__INFORMATION PROVIDED__.

^^^^^^^^^^^^^^^^

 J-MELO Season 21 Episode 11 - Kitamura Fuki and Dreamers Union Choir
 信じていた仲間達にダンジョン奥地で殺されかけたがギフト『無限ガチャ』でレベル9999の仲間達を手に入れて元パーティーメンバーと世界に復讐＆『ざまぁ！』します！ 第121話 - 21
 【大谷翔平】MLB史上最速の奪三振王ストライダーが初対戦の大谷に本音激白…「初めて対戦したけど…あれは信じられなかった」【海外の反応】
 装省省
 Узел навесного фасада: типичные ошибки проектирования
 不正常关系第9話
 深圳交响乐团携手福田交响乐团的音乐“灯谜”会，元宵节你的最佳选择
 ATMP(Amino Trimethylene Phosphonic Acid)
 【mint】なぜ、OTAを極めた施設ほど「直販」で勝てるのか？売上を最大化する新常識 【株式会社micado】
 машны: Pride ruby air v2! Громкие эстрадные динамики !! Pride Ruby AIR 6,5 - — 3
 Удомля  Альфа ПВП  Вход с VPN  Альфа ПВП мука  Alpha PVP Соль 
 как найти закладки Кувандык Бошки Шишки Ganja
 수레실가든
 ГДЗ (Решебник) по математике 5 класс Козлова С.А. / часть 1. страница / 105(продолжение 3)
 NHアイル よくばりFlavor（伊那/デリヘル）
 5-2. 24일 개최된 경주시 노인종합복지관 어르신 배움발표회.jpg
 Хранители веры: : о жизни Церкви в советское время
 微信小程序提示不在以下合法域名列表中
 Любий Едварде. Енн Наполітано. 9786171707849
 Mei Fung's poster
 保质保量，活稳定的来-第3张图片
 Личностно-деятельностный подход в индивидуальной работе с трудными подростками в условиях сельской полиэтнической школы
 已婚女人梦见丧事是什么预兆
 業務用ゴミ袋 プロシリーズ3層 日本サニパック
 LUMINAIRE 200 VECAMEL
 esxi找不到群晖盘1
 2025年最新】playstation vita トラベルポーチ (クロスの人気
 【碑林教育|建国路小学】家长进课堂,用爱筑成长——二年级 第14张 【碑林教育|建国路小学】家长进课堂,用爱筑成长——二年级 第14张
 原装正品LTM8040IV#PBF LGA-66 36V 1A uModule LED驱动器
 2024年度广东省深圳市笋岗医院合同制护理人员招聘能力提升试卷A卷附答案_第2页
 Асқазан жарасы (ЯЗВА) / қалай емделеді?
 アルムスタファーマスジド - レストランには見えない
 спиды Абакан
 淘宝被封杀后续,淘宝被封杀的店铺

^^^^^^^^^^^^^^^^

__INSTRUCTIONS FOR THE TASK__.
Nothing should be left out or altered, so reproduce the whole listing.

__TASK RESPONSE__.
 J-MELO Season 21 Episode 11 - Kitamura Fuki and Dreamers Union Choir
 信じていた仲間達にダンジョン奥地で殺されかけたがギフト『無限ガチャ』でレベル9999の仲間達を手に入れて元パーティーメンバーと世界に復讐＆『ざまぁ！』します！ 第121話 - 21
 【大谷翔平】MLB史上最速の奪三振王ストライダーが初対戦の大谷に本音激白…「初めて対戦したけど…あれは信じられなかった」【海外の反応】
 装省省
 Узел навесного фасада: типичные ошибки проектирования
 不正常关系第9話
 深圳交响乐团携手福田交响乐团的音乐“灯谜”会，元宵节你的最佳选择
 ATMP(Amino Trimethylene Phosphonic Acid)
 【mint】なぜ、OTAを極めた施設ほど「直販」で勝てるのか？売上を最大化する新常識 【株式会社micado】
 машны: Pride ruby air v2! Громкие эстрадные динамики !! Pride Ruby AIR 6,5 - — 3
 Удомля  Альфа ПВП  Вход с VPN  Альфа ПВП мука  Alpha PVP Соль 
 как найти закладки Кувандык Бошки Шишки Ganja
 수레실가든
 ГДЗ (Решебник) по математике 5 класс Козлова С.А. / часть 1. страница / 105(продолжение 3)
 NHアイル よくばりFlavor（伊那/デリヘル）
 5-2. 24일 개최된 경주시 노인종합복지관 어르신 배움발표회.jpg
 Хранители веры: : о жизни Церкви в советское время
 微信小程序提示不在以下合法域名列表中
 Любий Едварде. Енн Наполітано. 9786171707849
 Mei Fung's poster
 保质保量，活稳定的来-第3张图片
 Личностно-деятельностный подход в индивидуальной работе с трудными подростками в условиях сельской полиэтнической школы
 已婚女人梦见丧事是什么预兆
 業務用ゴミ袋 プロシリーズ3層 日本サニパック
 LUMINAIRE 200 VECAMEL
 esxi找不到群晖盘1
 2025年最新】playstation vita トラベルポーチ (クロスの人気
 【碑林教育|建国路小学】家长进课堂,用爱筑成长——二年级 第14张 【碑林教育|建国路小学】家长进课堂,用爱筑成长——二年级 第14张
 原装正品LTM8040IV#PBF LGA-66 36V 1A uModule LED驱动器
 2024年度广东省深圳市笋岗医院合同制护理人员招聘能力提升试卷A卷附答案_第2页
 Асқазан жарасы (ЯЗВА) / қалай емделеді?
 アルムスタファーマスジド - レストランには見えない
 спиды Абакан
 淘宝被封杀后续,淘宝被封杀的店铺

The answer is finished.